Following is a summary of all operation:

Courtesy: Heroku

Memory Management Technique: Memcached only supports LRU memory management. So analyze your use case carefully before choosing this solution.

Suitable Usecases: Store simple string key / value pairs. Store database resultset object, HTTP api response, or serializable in-memory objects, JSON / XML document as value with a string key, results of page rendering etc.


  1. Since there is no persistence, with every crash or restart, you need to warm up or refill data every time.
  2. If you want to store large objects or data sets, serialized representation of data may take more space & can make the memory fragmented.
  3. Memcached limits size of data upto 1 MB per key.
  4. Avoid read-modify-write operation use cases. Since you need to serialize / deserialize objects while inserting / retrieving data, update operations seem to be very costly. Try to store immutable objects with expiration time as much as possible.
  5. Memcached is not good for enterprise use cases. It does not offer many features like automatic elastic cluster management, sophisticated high availability, auto failover, load re-balancing, cross data centre replication etc.
  6. It lacks advance monitoring & tooling ecosystem for administrative use cases. If you face any issue, either you have to depend on your resource or the Memcached community, there is no commercial entity supporting it.

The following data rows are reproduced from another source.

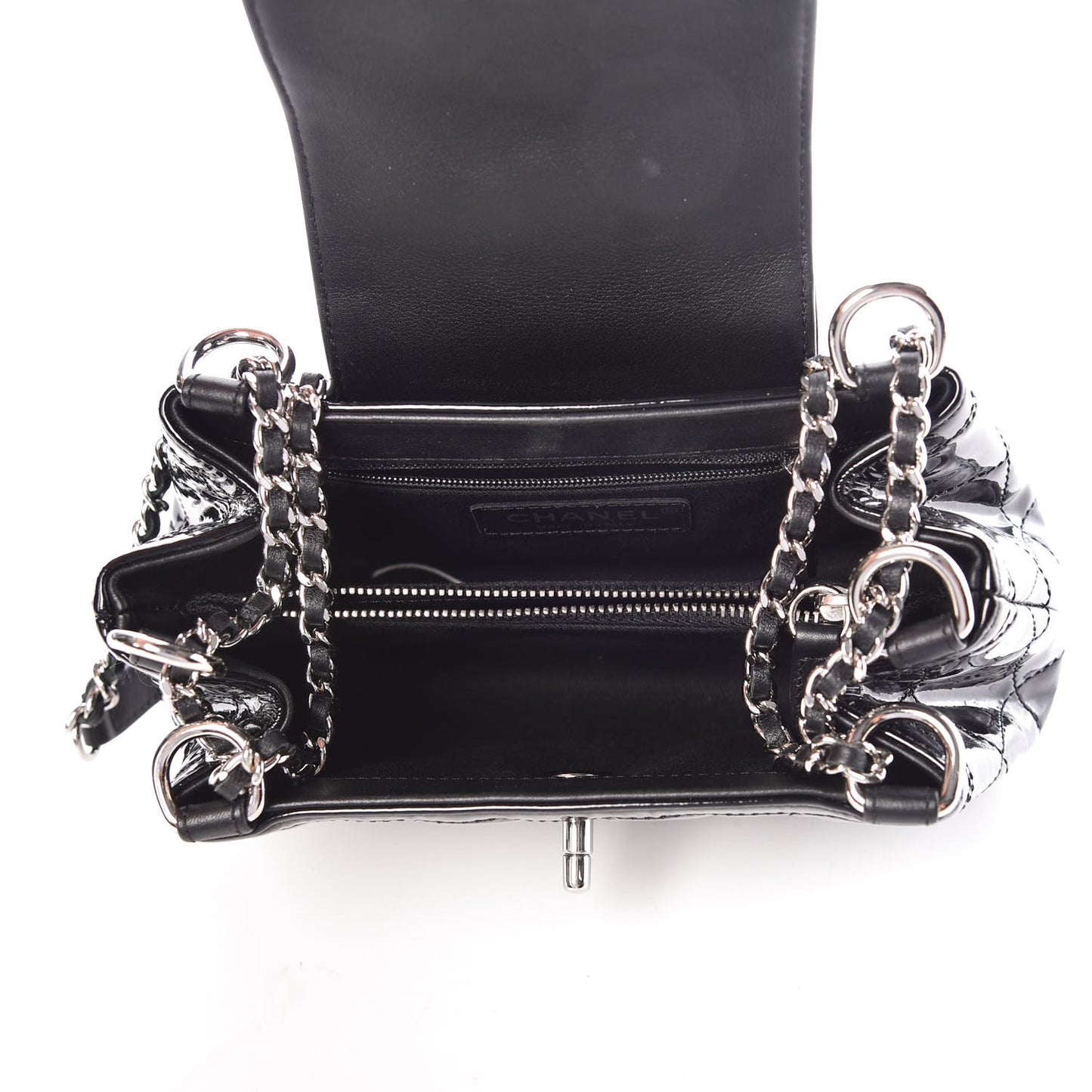 Patent Quilted Coco Shine Small Accordion Flap Black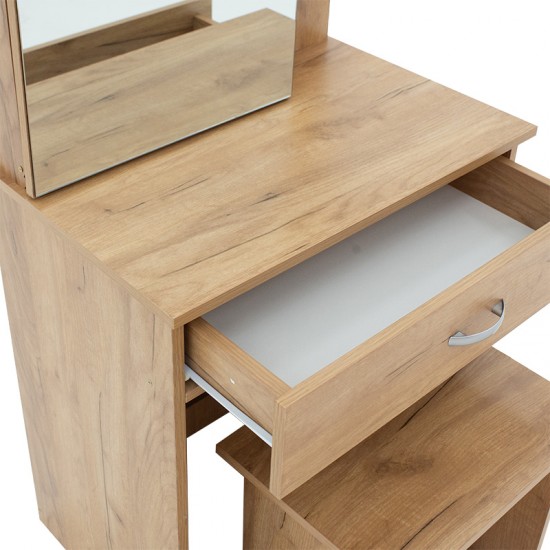 Τουαλέτα κρεβατοκάμαρας Zelia  με καθρέπτη και σκαμπό χρώμα φυσικό mo 60x40.5x151εκ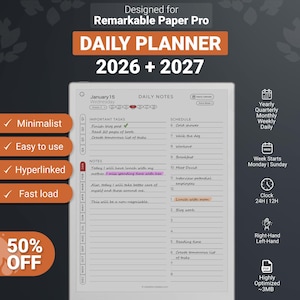 Agenda quotidien pour tablette Remarkable Paper Pro 2026-2027, modèles PDF avec liens hypertexte, calendrier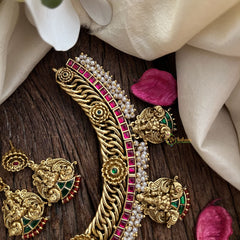 Vriksham Exquisite Kundan Jadau Jalebi Style Lakshmi Neckpiece-J3000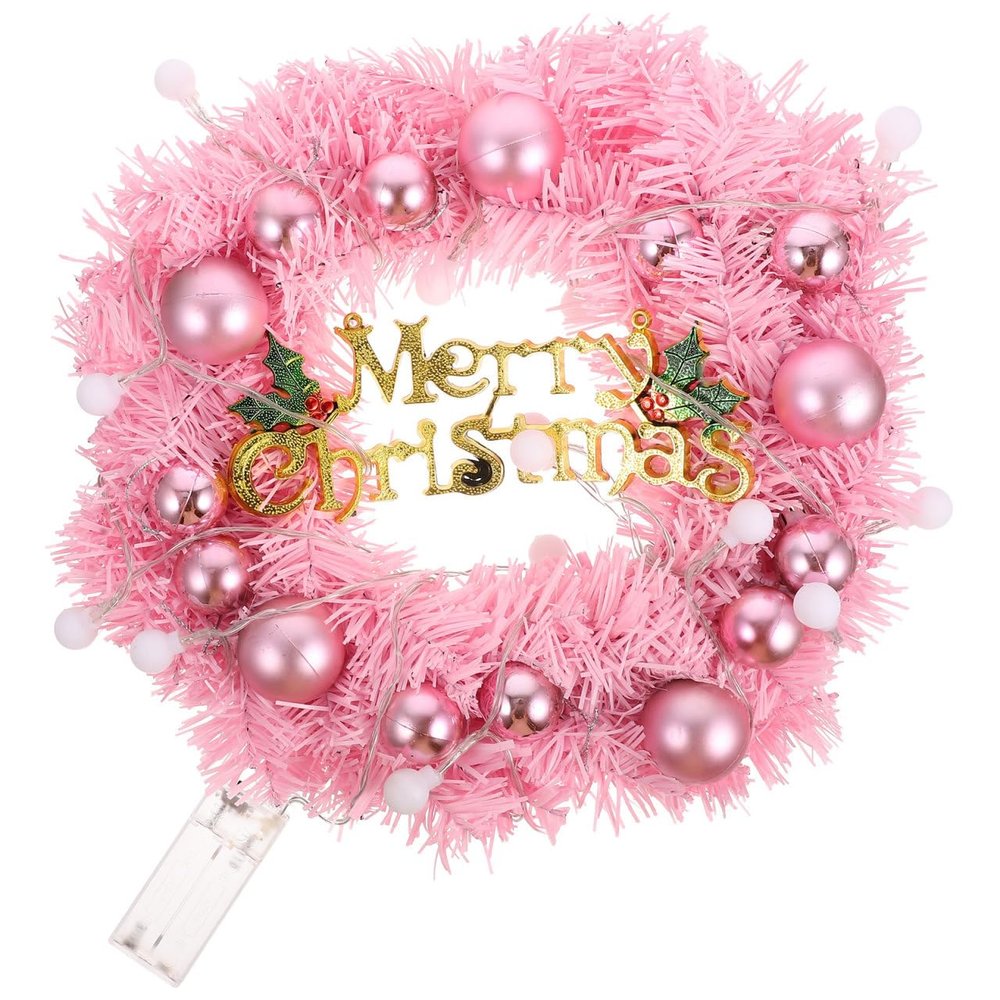 BCOATH 1Set Pre-Lighted Christmas Wreath with String Lights Decorative Outdoor Hanging Wreath for Home Decoration Ornament with Merry Christmas Sign for Holiday Party Supplies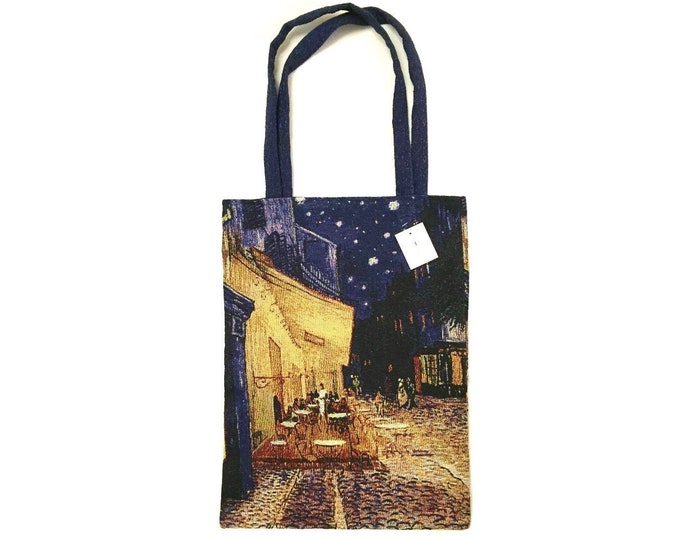 VAN GOGH Cáfe Terrace at Night FRENCH Tapestry Woven Hand Finished Tote Shoulder Bag Handbag With Matching Tapestry Handles / Straps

LinkedIn started using Memcached in 2010, but by 2012, they faced many issues & forced to get rid of it. Following snippets are taken from LinkedIn’s engineering blog, it will give a good idea why Memcached is not a great enterprise fit:

The Memcached days

Memcached was first introduced to LinkedIn in the early 2010s as a fast, in-memory, distributed caching solution when we needed to scale our source-of-truth data stores to handle increased traffic. It worked well for what it provided:

Single-digit millisecond GETs and SETs for applications that needed caching in front of their source-of-truth data stores.

Provisioning a cluster was simple, and the process of getting started was very fast.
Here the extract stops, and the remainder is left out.